The Nicolsons deliberately engineered each garden room at Sissinghurst to peak at a certain time, such as the magnificent crescendo of flowering bulbs in the Lime Walk during April, the Rose Garden in June or the White Garden in July. In this way, they achieved a succession of climaxes throughout the garden, with each space peaking in turn and then allowed to rest when another area of the garden would take over.

However, Sissinghurst’s change of use to being a public garden brings an expectation that every part of it should be of interest, whenever you visit. And I can think of few other gardens where, over the past 50 years, more successful combinations of plants have been realised than here.
It now falls to me to continue orchestrating these sophisticated multi-layered plantings and one area I’m currently working on consists of four beds at the garden entrance that we call the ‘Donkey Beds’, named after Abdul the donkey, who used to graze the lawns here.

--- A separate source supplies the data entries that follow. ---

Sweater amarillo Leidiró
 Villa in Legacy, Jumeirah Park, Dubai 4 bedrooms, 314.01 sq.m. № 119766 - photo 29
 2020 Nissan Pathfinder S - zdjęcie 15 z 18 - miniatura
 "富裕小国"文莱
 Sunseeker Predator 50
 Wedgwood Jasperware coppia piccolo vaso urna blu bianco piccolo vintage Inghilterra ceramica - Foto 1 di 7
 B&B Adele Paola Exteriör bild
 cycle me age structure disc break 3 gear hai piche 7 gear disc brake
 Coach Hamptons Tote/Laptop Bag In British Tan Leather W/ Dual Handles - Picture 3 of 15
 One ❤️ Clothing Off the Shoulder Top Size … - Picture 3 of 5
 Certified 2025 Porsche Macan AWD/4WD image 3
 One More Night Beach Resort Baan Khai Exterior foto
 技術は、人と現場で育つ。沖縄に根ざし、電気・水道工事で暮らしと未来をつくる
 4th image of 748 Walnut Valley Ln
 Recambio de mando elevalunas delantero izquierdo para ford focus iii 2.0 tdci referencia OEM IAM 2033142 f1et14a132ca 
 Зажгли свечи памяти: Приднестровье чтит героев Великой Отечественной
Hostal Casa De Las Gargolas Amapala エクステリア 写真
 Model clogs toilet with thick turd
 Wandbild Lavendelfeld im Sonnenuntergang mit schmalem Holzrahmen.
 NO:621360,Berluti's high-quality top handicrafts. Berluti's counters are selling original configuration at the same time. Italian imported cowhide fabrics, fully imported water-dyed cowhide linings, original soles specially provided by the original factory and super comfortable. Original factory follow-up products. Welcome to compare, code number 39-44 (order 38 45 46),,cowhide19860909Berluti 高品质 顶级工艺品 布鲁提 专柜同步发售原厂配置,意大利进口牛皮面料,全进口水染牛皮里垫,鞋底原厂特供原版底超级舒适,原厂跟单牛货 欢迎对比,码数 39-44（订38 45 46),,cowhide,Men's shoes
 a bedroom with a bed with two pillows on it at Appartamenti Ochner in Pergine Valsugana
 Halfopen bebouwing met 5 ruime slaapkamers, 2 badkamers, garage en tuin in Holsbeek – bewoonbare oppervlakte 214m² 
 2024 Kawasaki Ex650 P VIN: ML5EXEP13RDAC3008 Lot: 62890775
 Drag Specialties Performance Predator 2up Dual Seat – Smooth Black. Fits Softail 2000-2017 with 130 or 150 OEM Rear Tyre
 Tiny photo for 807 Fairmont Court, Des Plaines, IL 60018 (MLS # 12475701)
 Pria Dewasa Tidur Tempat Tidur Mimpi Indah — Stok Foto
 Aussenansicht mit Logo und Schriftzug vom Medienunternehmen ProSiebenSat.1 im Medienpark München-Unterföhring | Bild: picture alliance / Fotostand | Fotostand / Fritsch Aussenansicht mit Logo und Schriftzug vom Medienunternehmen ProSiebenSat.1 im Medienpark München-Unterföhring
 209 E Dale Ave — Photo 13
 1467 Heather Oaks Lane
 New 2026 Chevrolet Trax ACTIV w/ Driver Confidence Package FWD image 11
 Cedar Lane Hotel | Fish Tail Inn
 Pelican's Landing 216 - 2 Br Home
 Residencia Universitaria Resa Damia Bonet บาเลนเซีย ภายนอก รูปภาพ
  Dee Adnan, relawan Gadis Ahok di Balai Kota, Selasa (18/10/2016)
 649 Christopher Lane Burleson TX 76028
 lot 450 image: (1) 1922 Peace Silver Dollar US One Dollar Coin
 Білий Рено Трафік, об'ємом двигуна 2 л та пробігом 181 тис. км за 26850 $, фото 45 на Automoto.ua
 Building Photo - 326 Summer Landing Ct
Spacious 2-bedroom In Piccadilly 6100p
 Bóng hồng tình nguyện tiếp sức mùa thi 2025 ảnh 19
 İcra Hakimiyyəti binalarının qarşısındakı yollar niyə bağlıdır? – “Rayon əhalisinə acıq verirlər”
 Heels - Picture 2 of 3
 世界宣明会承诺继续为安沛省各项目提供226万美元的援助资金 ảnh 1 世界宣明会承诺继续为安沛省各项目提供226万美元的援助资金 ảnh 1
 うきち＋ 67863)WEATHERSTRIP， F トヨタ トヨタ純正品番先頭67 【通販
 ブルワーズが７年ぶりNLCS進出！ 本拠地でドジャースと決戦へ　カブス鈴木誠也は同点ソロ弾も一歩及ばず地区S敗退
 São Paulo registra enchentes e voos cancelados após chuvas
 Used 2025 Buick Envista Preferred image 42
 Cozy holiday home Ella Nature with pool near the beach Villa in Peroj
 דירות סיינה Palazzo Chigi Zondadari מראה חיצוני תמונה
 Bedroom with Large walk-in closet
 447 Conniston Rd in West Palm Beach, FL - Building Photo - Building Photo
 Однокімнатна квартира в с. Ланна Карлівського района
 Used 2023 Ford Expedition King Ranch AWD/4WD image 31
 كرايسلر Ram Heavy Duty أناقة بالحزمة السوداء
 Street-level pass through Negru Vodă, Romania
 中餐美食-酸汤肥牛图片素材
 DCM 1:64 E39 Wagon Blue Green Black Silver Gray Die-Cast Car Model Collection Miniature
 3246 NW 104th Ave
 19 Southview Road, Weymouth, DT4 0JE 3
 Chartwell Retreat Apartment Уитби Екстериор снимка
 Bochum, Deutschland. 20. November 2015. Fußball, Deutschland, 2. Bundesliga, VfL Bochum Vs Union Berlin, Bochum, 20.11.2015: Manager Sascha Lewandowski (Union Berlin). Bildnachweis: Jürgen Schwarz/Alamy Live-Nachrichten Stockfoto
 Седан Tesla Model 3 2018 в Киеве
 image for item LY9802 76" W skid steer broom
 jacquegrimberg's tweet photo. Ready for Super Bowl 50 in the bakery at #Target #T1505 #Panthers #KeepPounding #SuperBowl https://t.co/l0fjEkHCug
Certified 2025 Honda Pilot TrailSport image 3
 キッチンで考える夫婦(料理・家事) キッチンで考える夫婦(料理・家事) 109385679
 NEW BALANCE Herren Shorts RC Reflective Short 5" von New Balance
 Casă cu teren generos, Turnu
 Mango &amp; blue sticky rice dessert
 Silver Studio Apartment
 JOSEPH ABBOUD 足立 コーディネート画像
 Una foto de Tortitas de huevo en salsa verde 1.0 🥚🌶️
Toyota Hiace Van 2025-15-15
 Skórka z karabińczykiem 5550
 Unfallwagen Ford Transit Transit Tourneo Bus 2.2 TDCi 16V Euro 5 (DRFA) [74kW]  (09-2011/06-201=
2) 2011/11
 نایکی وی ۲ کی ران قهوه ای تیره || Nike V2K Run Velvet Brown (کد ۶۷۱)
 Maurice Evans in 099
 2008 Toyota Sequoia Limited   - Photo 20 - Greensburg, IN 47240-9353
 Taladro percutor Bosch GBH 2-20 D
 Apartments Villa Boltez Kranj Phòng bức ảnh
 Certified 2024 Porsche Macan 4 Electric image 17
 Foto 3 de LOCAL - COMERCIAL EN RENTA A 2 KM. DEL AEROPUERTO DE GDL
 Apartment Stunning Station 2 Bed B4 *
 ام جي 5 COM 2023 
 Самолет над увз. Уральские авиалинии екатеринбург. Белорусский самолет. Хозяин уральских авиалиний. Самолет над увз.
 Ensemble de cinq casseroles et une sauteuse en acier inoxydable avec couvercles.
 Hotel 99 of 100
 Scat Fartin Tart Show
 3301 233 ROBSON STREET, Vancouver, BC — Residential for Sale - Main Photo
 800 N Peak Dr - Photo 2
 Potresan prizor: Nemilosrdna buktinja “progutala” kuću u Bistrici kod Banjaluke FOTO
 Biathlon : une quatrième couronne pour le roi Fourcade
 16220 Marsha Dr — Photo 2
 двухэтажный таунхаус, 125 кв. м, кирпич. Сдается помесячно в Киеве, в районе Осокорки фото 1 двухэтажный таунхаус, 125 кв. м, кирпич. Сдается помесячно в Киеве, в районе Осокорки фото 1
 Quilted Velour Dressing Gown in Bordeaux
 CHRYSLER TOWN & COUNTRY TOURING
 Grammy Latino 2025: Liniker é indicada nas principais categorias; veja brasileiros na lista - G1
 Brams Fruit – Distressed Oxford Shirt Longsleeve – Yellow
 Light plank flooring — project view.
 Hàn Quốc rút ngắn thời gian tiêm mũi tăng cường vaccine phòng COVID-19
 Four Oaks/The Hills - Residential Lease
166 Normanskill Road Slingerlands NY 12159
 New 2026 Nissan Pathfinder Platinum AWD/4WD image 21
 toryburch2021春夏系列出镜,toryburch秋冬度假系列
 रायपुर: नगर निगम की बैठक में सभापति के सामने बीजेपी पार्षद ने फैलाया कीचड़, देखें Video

My preferred way of gardening is hands-on and intuitive, but, whether planned on paper or not, all of my schemes follow the same process, whereby the plants are grouped into several categories, as follows. Keynote plants, providing structure and character, are placed first. They act as anchor points and don’t have to dominate; however, their personality and presence must be sufficient to hold a scheme together. Accent plants follow. Their role is to give unity and they work in two ways. When woven through a scheme, their effect is of rhythm or, if planted at intervals, the effect is of punctuation and potency.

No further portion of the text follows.